# DATA SECTION:
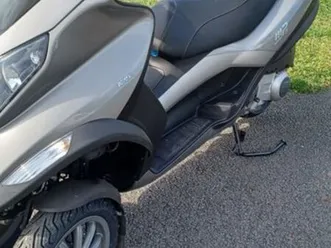 piaggio mp3 125......820kms
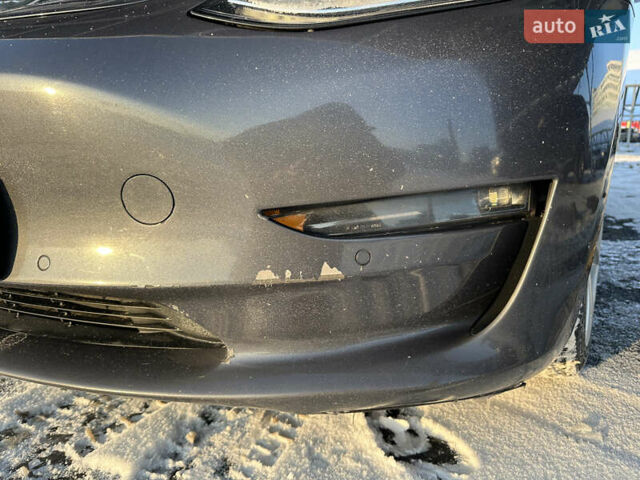 Сірий Тесла Модель 3, об'ємом двигуна 0 л та пробігом 97 тис. км за 17000 $, фото 32 на Automoto.ua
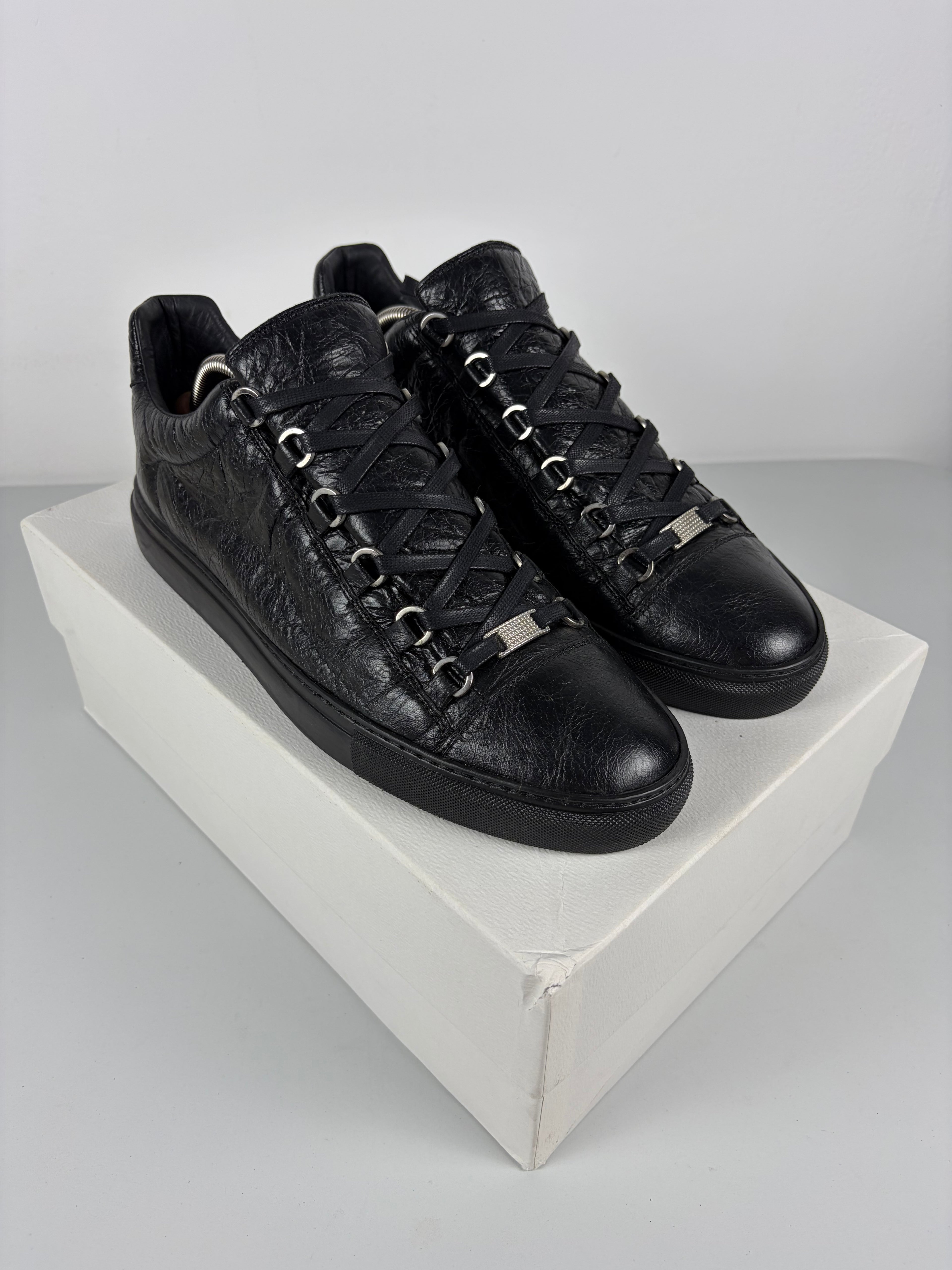 Balenciaga arena low - eu 44 - black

# EXERCISE OBJECTIVE:
Please give the data again in full, exactly as written, but without any images.

# WRITTEN REPLY:
 piaggio mp3 125......820kms
 Сірий Тесла Модель 3, об'ємом двигуна 0 л та пробігом 97 тис. км за 17000 $, фото 32 на Automoto.ua
 Balenciaga arena low - eu 44 - black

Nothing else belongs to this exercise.